Speaking of romance, if you can pull it off, that is an inexplicably perfect genre to get it on to, or get-it-in to if you’re living in the Jersey Shore.  The Romance genre will have you both feeling some type of way but execution is key, things can get kitschy if you aren’t careful. Netflix breaks it down into sub-genres including Romantic Drama, Quirky Romance, Rom-coms, and Steamy Dramas. The latter of which you should stay far away from unless you want to look like a raging douchebag. Obviously, the Rom-com is the best way to rock the Romance genre.  Now streaming on Netflix you can choose from movies with the hunky guys like Will Smith in Hitch, Bradley Cooper in Silver Linings Playbook, Johnny Depp in Chocolat, and Orlando Bloom in Elizabethtown. Also, you can and should go with the beautiful babes in films like Along Came Polly with Jennifer Aniston, and The Wedding Date with Debra Messing. You could even try to pull off the hopelessly romantic period pieces such as Kate & Leopold, or Shakespeare in Love. But for you awesome nostalgic 80s and 90s babies, bring it back with Can’t Buy Me Love, or one of my personal favorites, Clueless.

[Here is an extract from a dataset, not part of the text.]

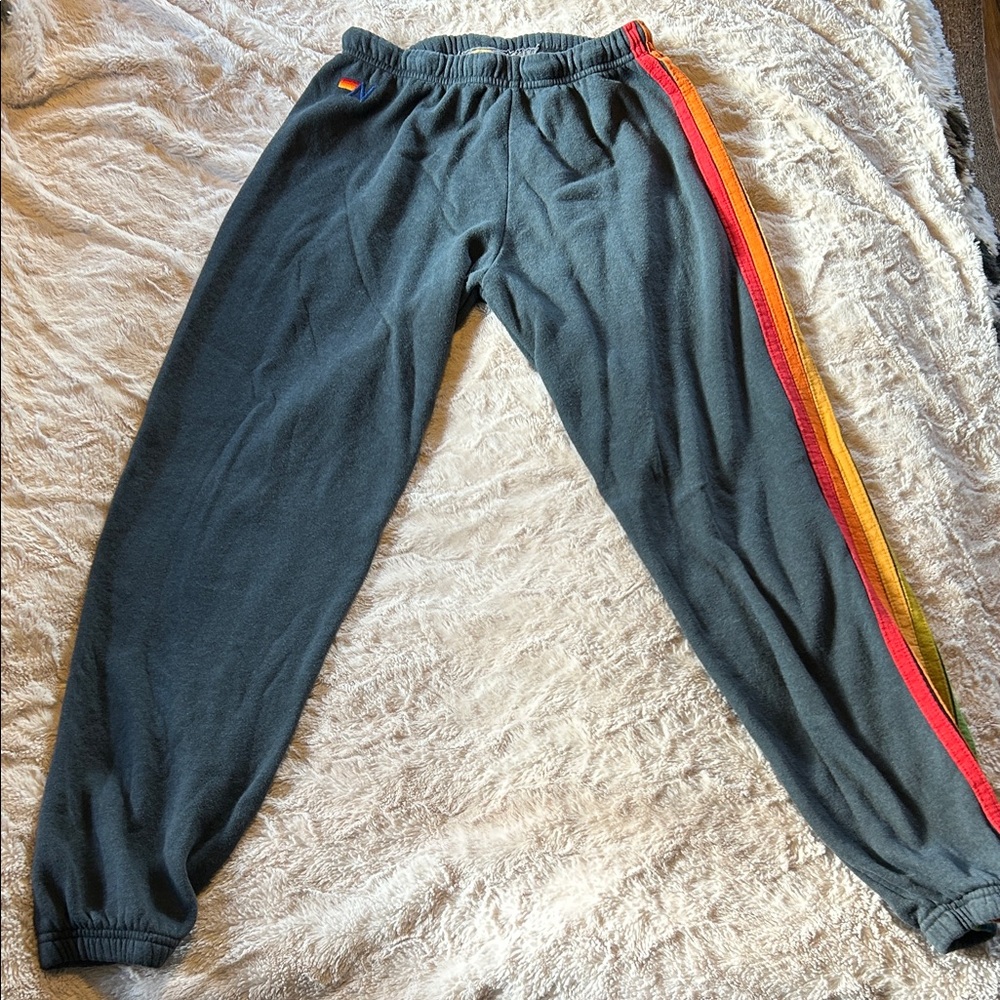 Aviator Nation Dark Gray Sweatpants with Rainbow Stripe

Clueless - Image: Paramount Pictures

Clueless – Image: Paramount Pictures

Actually knowing your date weighs heavily on the next few categories. For example, it’s not safe to throw on a music-based film such as Across the Universe, Marley, or Jimi Hendrix: Hear My Train a Comin’ if your date doesn’t partake in herbal refreshments. It’s also not safe to spark up, I mean start up, a scary film if it’s going to make your girl pee her pants or be terrified of driving home. Therefore, these genres are going to require treading carefully.

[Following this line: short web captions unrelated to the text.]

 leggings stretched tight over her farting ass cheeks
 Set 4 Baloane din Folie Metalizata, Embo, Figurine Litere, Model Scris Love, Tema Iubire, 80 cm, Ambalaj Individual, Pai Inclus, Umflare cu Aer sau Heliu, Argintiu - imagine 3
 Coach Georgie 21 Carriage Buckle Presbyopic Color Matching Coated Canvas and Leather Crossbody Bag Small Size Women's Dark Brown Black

If your name is Cori Heyman, you love Horror films and can’t think of anything more exciting than watching one in the crook of a dreamy guy’s arms. Those girls are out there, and for these gems I recommend an awesome selection of Horror films to choose from. Rhyming tip: just keep it easy or things can get queasy… this category is an amendment to my criteria of no gore. Luckily, there’s no limit to how you can play this one, guys. You’ve got your B movies: Sharknado (shout out to my Brooklyn boys), Cabin Fever, and Zombeavers (almost made it to my Top Ten Horror Films of 2015).  Then you have the Classics like The Shining, seven different Children of the Corn, and Halloween 6. You could go with Slashers like House of Wax or Nightmare on Elm Street or newer releases like The Babadook or Oculus. I would even allow for Scary Movie 3, the possibilities are endless. Just make sure you mute that junk when things start getting weird, no one wants to hear blood curdling screams while the chilling portion of the night ensues.

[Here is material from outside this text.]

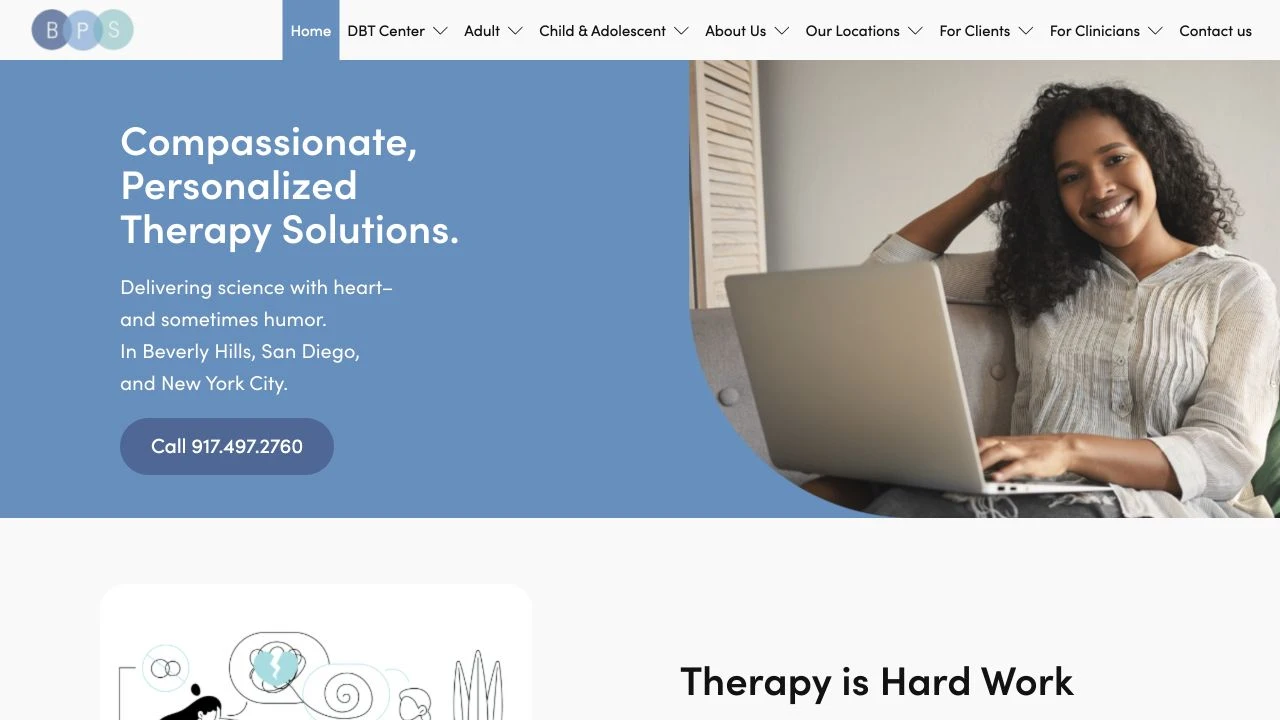 Behavioral Psych Studio website detail: Move from a broad banner to a therapy introduction.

Now boys, if you are the ballsiest of guy, you can attempt the ever so tender (or should I say Tinder?) Drama genre. Please handle with care; this is not for the faint of heart. This genre involves some pre-date consulting. Yes, I mean let her pick. You have to avoid any touchy subjects that will dredge up a sob fest from her past because literally ain’t nobody got time. There are some perfect films in these sub-genres: Bio drama – Leonardo DiCaprio and all his Howard Hughes perfection in The Aviator and Johnny Depp in his heartfelt portrayal of J. M. Barrie in Finding Neverland; Crime dramas – there’s Shia LaBeouf and Tom Hardy in Lawless, and Denzel Washington in Training Day. Then you have Period Pieces – Pride & Prejudice, Jane Eyre, and Great Expectations. You’ll find Showbiz Dramas– Flashdance, Sports – A League of Their Own, Radio, and Hardball. Finally, the Tearjerkers and if you can pull this off I tip my hat to you – Hachi: A Dog’s Tale, Good Will Hunting, and Forrest Gump. Again, take heed, stay away from courtroom dramas, political dramas, and social issue dramas unless you want to get into a fight and have her storm out carrying that $7 bottle of wine you got her at the grocery store on your way home from work and eating those tacos you shouldn’t have had before a date, you AMATEUR.

Be sure to hide the recently watched category unless you want all of your secrets laid out on the table. Alas, I can only give you guidance. But there you have it, friends. Those are 55 films to freak to. On this Valentine’s Day weekend I wish you the very happiest of hunting and a successful night budding from that fateful “Netflix and chill?” text. May the odds be ever in your favor.